Но разве не поступили ошибочно Исполнительный комитет и Андрей Иванович, привлекши к такому делу, как цареубийство, девятнадцати- и двадцатилетних юношей? Последующие события показали, что в этом была допущена ошибка. Недаром Александр Михайлов в своем завещании просил товарищей не посылать слишком молодых людей "в борьбу на смерть". Желябов, хотя и умел разбираться в людях и определять им цену, отличался, однако, порою и большой доверчивостью. Он слишком поверил Рысакову, который "рвался" в дело. Разумеется, Желябов нашел бы и более преданных и возмужалых народовольцев, чем Рысаков и Емельянов; но Исполнительный комитет уже отдал для цареубийства таких людей, как Перовскую, Богдановича, Якимову, Фигнер, Фроленко, Суханова. Нельзя было бросать всех видных работников в дело.

Именно по этим соображениям Андрей Иванович отвел Желвакова, который тоже просился в метальщика. Предполагалось, что под руководством опытных и испытанных боевиков юные революционеры сумеют достойно выполнить поручение. Стойкость и мужество их предварительно проверялись. Например, в конце 1880 г. были получены типографские принадлежности. Предстояло взять их с почты, что было сопряжено со значительным риском. Опасный груз предложили оставить на конспиративную квартиру Рысакову. Рысаков удачно справился с поручением. Спустя некоторое время ему дали вторую накладную, он и на этот аз не оплошал. Наконец, Рысаков был намечен только третьим метальщиком.

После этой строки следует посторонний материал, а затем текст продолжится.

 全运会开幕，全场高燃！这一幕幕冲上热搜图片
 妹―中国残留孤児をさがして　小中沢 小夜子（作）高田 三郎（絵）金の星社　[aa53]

Что представляли собою метательные снаряды? Кибальчич на суде о них рассказывал:

— Я предлагал несколько типов, метательных снарядов, отличавшихся между собой по приспособлению для получения огня, сообщающего взрыв динамиту, и только в последнее время придумал данную форму снаряда. Огонь по стопину передается моментально и, следовательно, взрыв должен произойти в то мгновение, как только снаряд ударится о препятствие… (Из показаний Н. И. Кибальчича).

О днях, проведенных Желябовым перед 1 марта, мы таем мало. Суханов впоследствии на суде показал: и двадцатых числах февраля он, по предложению Желябова, стал ходить в лавку Кобозева и там работать. 24 февраля Андрей Иванович приводит в лавку для работы своего друга Тригони.

26 февраля у Желябова был Меркулов и по его получению отвез в лавку несколько холщевых мешков. Желябов и этим занимался.

27 февраля Меркулов встретился с Желябовым у Тригони. Тригони говорил Желябову, что в лавке работа встречает затруднения.

— Пожалуй, еще не поспеем,

Меркулов получил от Желябова большую бутыль, фунтов 10 весом, завязанную в мешок; бутыль надо было доставить в лавку сыров.

По этим отрывочным сведениям можно судить, на сколько разнообразна была в эти дни деятельность Андрея Ивановича.

Нет, он отнюдь не чувствовал себя в тупике.